The grid/sky/WU's needed by EAH-perf-app =>
http://dl.free.fr/eznjSSWOH/refwuXP.zip

God created a few good looking guys.. and for the rest he put hairs on top..

[AF>Futura Sciences]click
[AF>Futura Scie...
Joined: 12 Apr 05
Posts: 34
Credit: 1,923,040
RAC: 0

Hi. I've done a little bit

Hi.

I've done a little bit of digging, crunching this poor WU again and again :D

1°) Are the results of Windows script accurate enough ?
I've run various apps with various methods to check it.
And to ensure maximum stability and avoiding wiggles, i ran the EAH apps in "real-time" mode using the persistent priority for a specific process offered by TaskInfo.
( !!! Only try this on multi-Core platforms or your systems will badly crash !!! )

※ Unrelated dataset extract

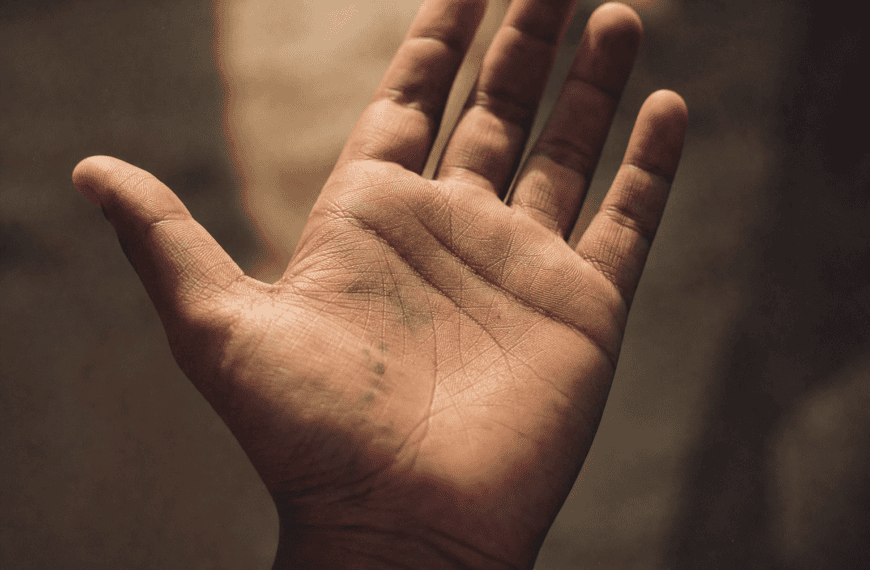 The Biggest Palm Reading Mistakes Beginners Make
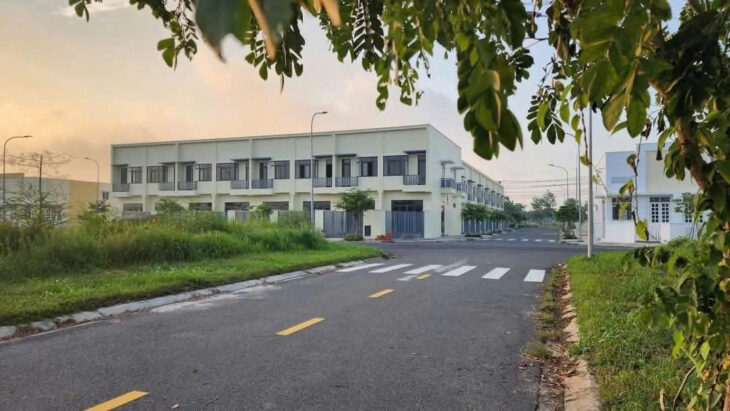 Nhà Phố Tây Ninh Liền Kề KCN Phước Đông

Here are some results to compare script time-measurement method versus Taskmonitor method. For both User time and CPU time, even if CPU time is the more meaningful one here.

Crunch time in seconds on XP3800+.

Win...........Script....Tasinfo.....Script.....Tasinfo
App Version...User......User........CPU........CPU
4,01..........1549......1548........1543.......1542
4,07..........1659......1658........1656.......1656
4,13..........1398......1397........1397.......1396
4,15..........1399......1398........1398.......1398
4,26..........1282......1280........1278.......1278
4,36_SSE......788.......787.........785........786
4,46_0........1280......1280........1278.......1278
4,46_1_SSE....788.......786.........785........786 

Maybe easier to read this way =>

So we can say it's accurate enough, sometimes 1-2 sec difference.
User and CPU are real close here, because EAH was run in "real-time" priority.

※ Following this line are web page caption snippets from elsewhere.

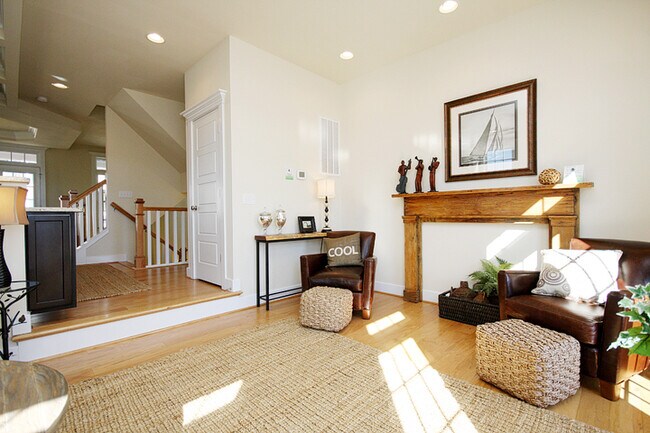 Foto del edificio - Inviting End-Unit Old Trail Townhome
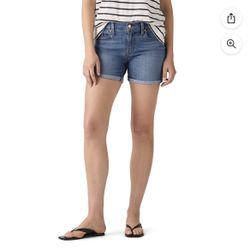 Women’s Mid Length Levi Shorts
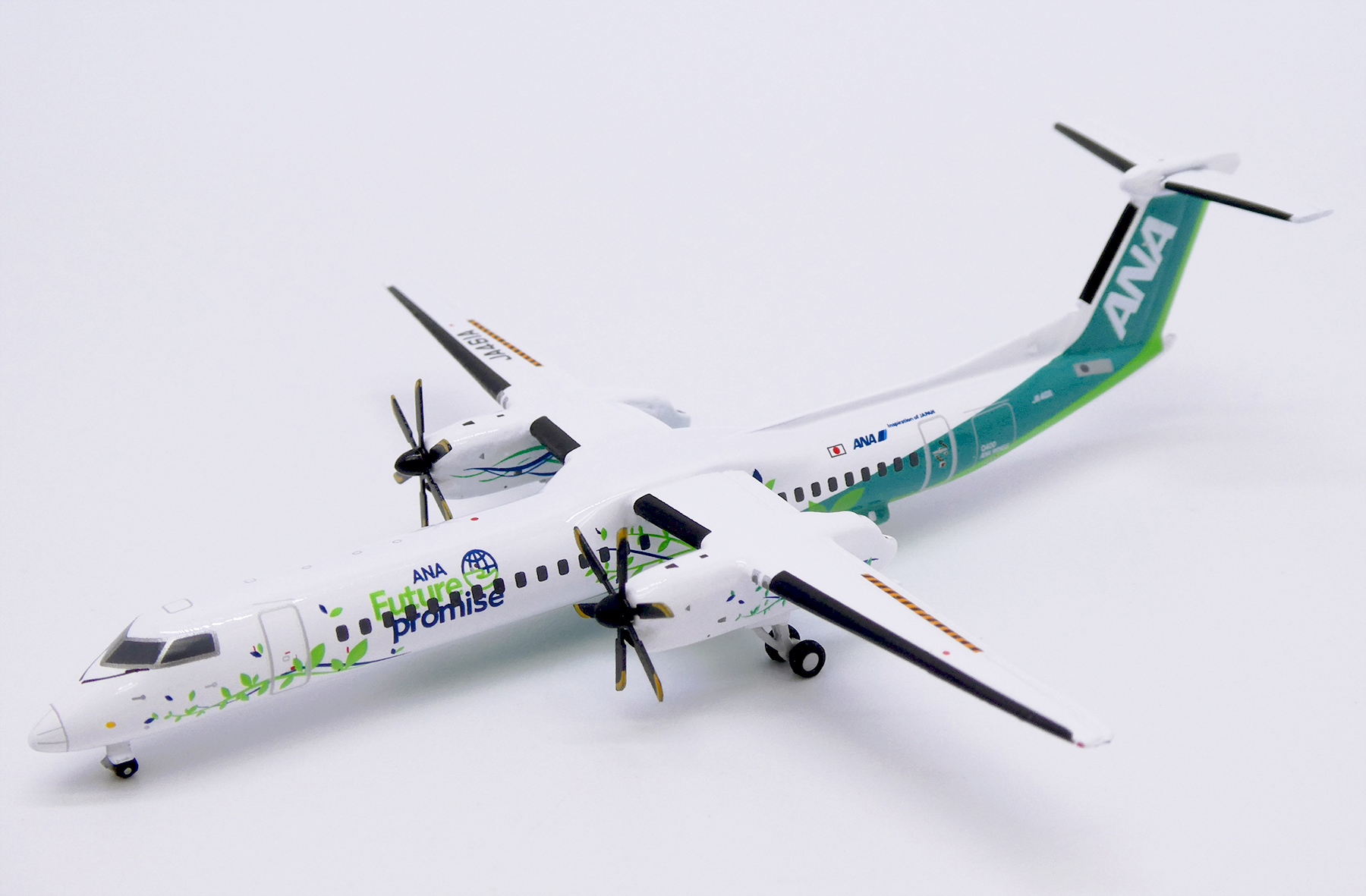 ANA DHC-8-300 JA804K 1:200 モデルプレーン ANA DHC-8-300 JA804K 1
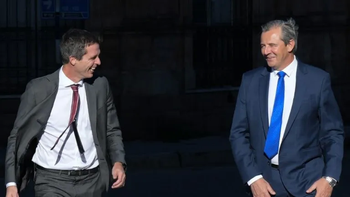 Adán Bahl (der.) y manolarga Enrique Cresto. Adán Bahl (der.) y manolarga Enrique Cresto.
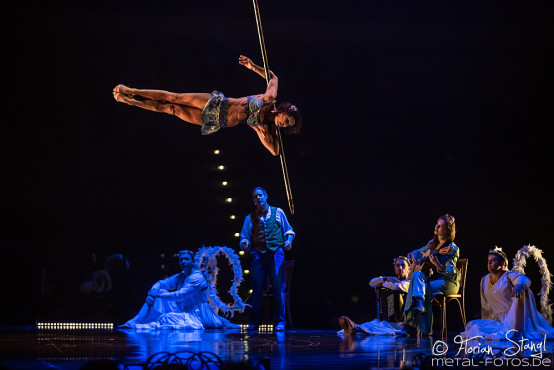 cirque-du-soleil-corteo-arena-nuernberg-6-11-92019_0015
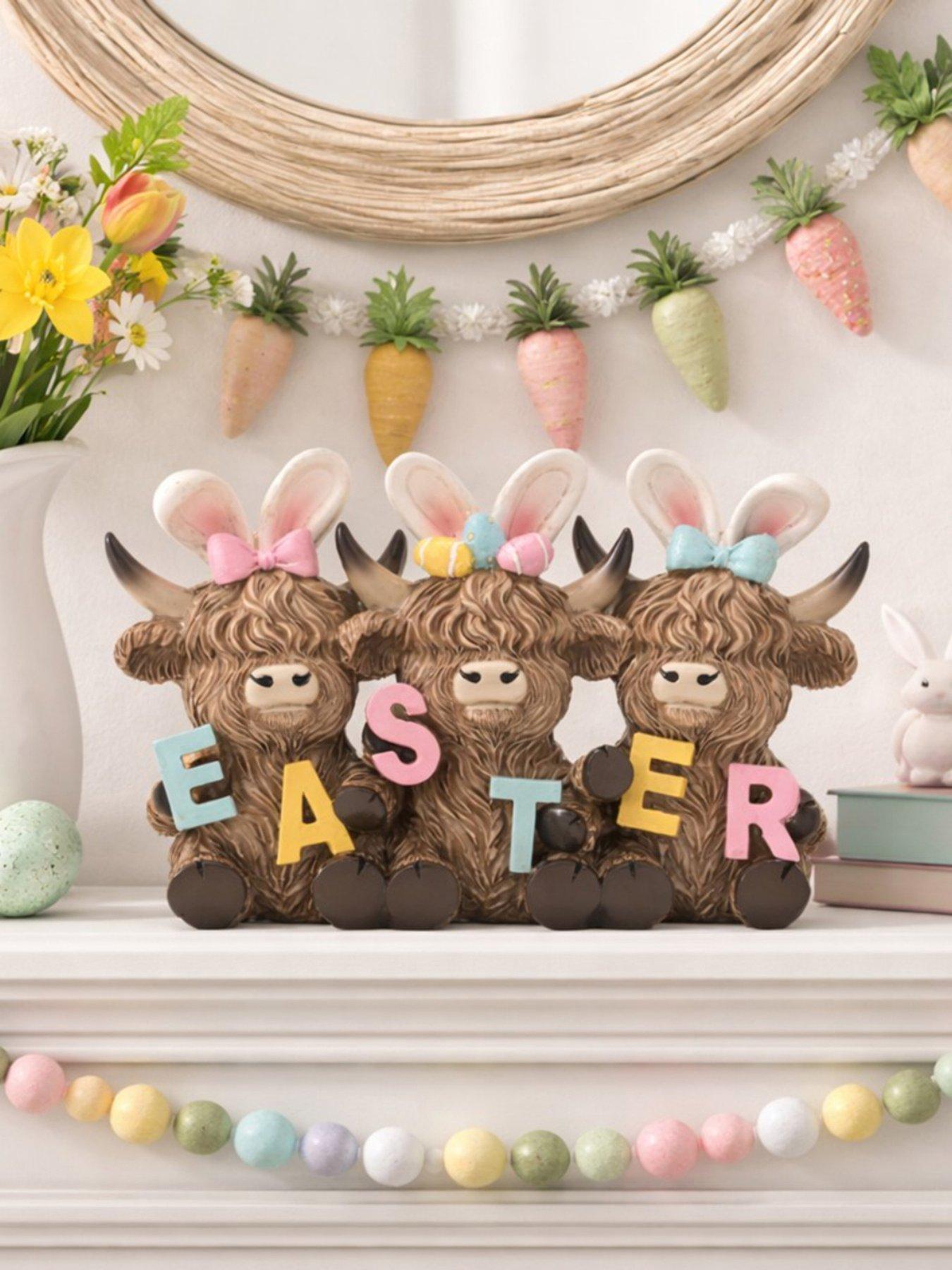 Highland Cow Easter Mantle Sign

I also ran each line 3 or 4 times, and again results of each run are within the same second.

2°) How various apps were improved over time (a tribute to the great work done here - apart from the science itself)
Big thanks to Bernd, Olive, Akosf, Bikeman, and probably others...

And not to forget the work done on previous runs too !

All the results here have been run on XP3800+ ; 1Go ram cas 2-2-2-5 ; FSB 210MHz.
Windows XP SP1 or Linux Ubuntu 8.04 Hardy Heron (kernel 2.6.24-17)

I download various app versions from here : http://einstein.phys.uwm.edu/download/
Maybe there's an other place with all the old apps ?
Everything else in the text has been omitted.